Seit gestern stapeln sich die Meldungen über einen gewaltigen Polizeieinsatz im deutschsprachigen Teil Europas. Auf Antrag der Staatsanwaltschaft Frankfurt am Main sind quadratkilometerweise Wohn- und Geschäftsräume in Deutschland, Österreich und in der Schweiz durchsucht worden.

Ein paar Jungs machten sich nach einem Bericht im Spiegel zufolge:

einen neuen Passus im Telekommunikationsgesetz zunutze. Dieser ermöglicht es Netzbetreibern, sogenannte Mehrwertdienstleistungen über die Telefonrechnung einzuziehen.

Das soll zur Wanderung von vielen kleinen Beträgen in die Taschen einer Gruppierung um ein paar technisch begabter Telefondienstleister geführt haben. Es ist die Rede von 1,6 Millionen Euro die auf diesem Wege zusammen gekommen sein sollen.

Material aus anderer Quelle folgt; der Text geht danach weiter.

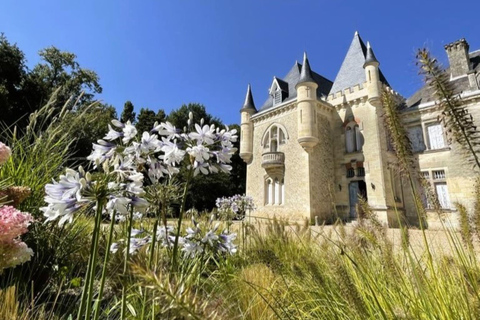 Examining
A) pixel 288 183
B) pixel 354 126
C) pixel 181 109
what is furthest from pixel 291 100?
pixel 181 109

Ich hatte bereits Anfang Januar in einem Blogbeitrag auf einen Artikel von Holger Bleich in der ‚ct hingewiesen. Bleich beschrieb darin „innovative Abrechnungsmodelle“ mithilfe der Mobilfunkanbieter, die von findigen Unternehmer als „undolose Werkzeuge“ genutzt werden.

Ähnlich informativ liest sich nun der Durchsuchungsbeschluß des Amtsgerichts Frankfurt am Main vom 10 ...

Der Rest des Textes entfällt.